▼

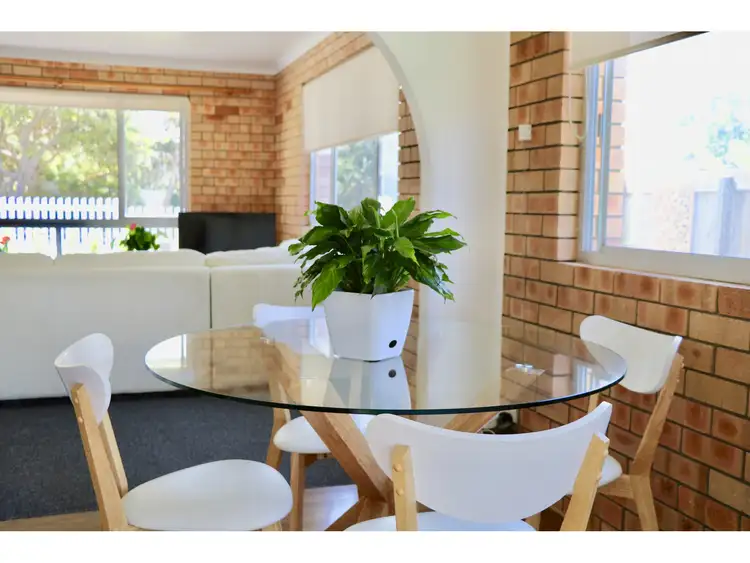 Seventh view of Homely house listing, 50 Orealla Crescent, Sunrise Beach QLD 4567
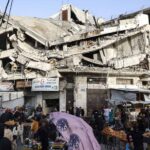 24 hours in pictures, 19 February 2026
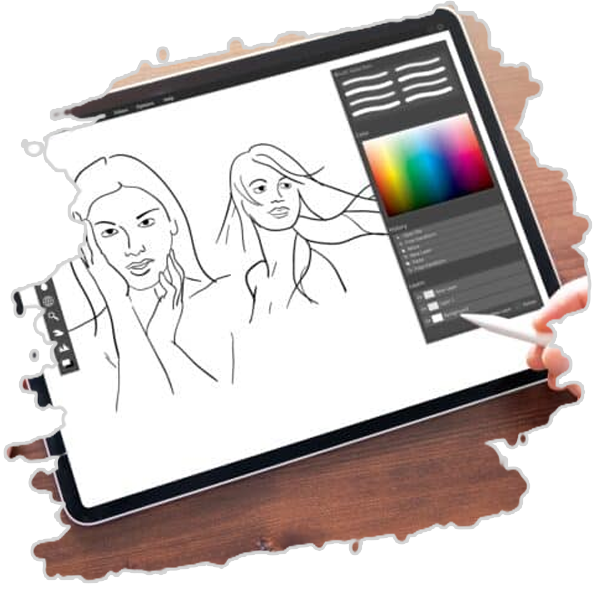 Curso de Desenho Online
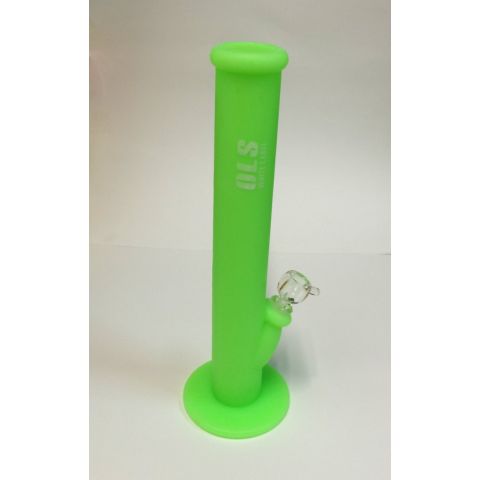 Strong Silicone Bong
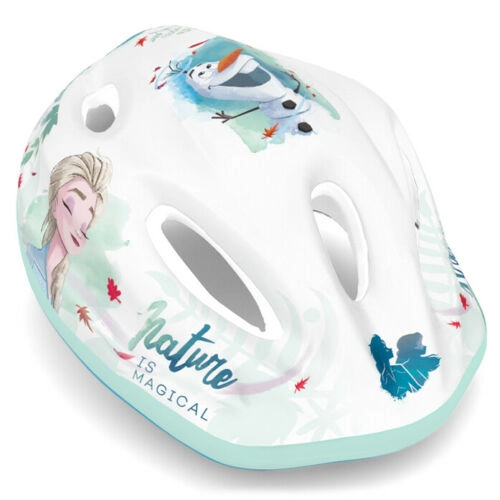 Детска аеродинамична каска за велосипед Frozen II PAT61430 Детска аеродинамична каска за велосипед Frozen II PAT61430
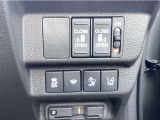 両側電動スライドドア装備!運転席からでもボタン一つで開閉可能です♪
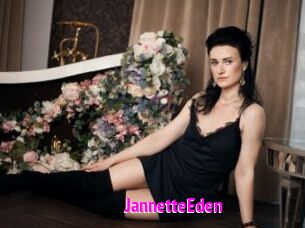 JannetteEden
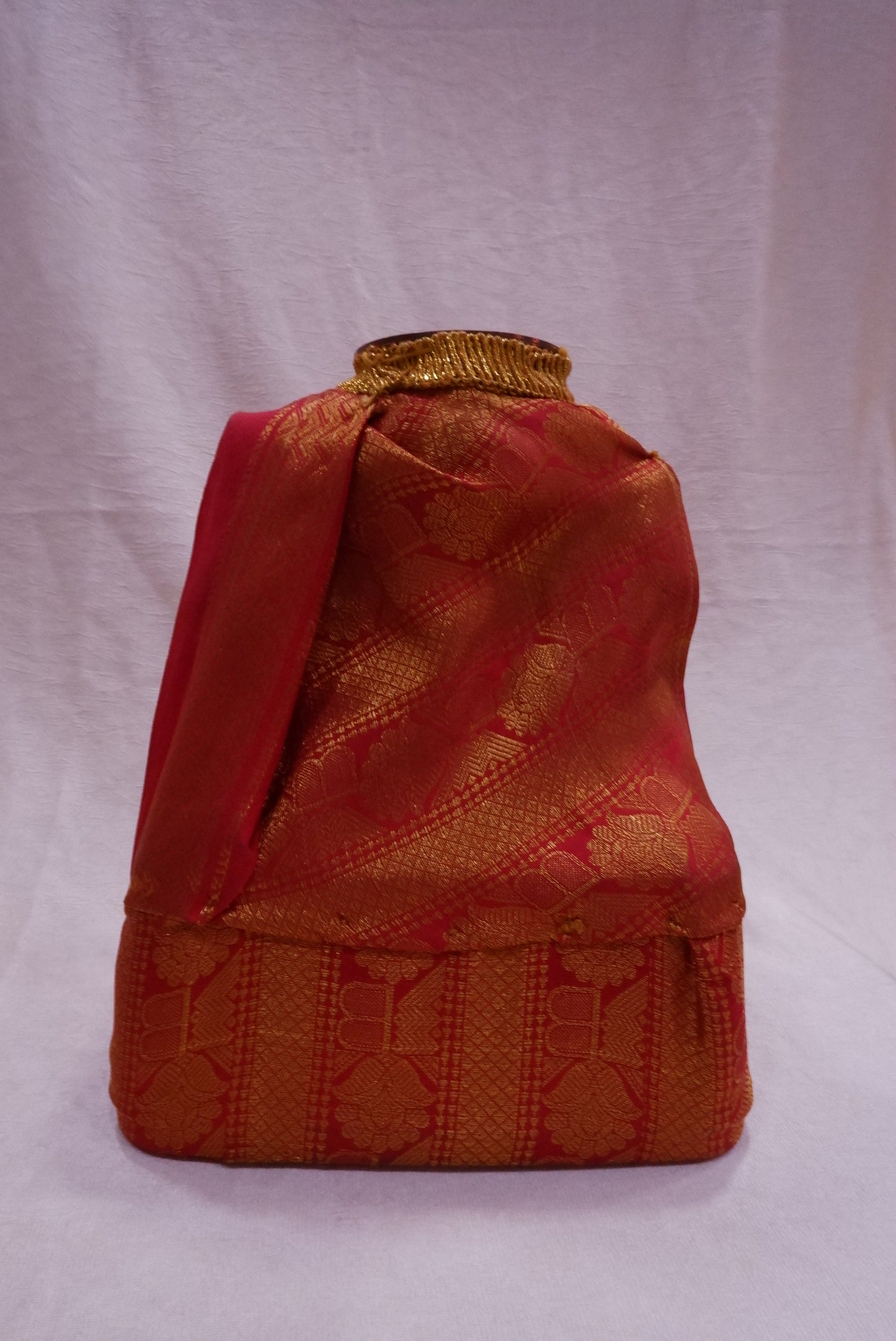 sriman vara maha lakshmi idol vratam pooja varamahalakshmi in 10 inch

▲

» Task to carry out:
Without copying the pictures, transcribe the entries exactly.

» Answer section:
 Seventh view of Homely house listing, 50 Orealla Crescent, Sunrise Beach QLD 4567
 24 hours in pictures, 19 February 2026
 Curso de Desenho Online
 Strong Silicone Bong
 Детска аеродинамична каска за велосипед Frozen II PAT61430 Детска аеродинамична каска за велосипед Frozen II PAT61430
 両側電動スライドドア装備!運転席からでもボタン一つで開閉可能です♪
 JannetteEden
 sriman vara maha lakshmi idol vratam pooja varamahalakshmi in 10 inch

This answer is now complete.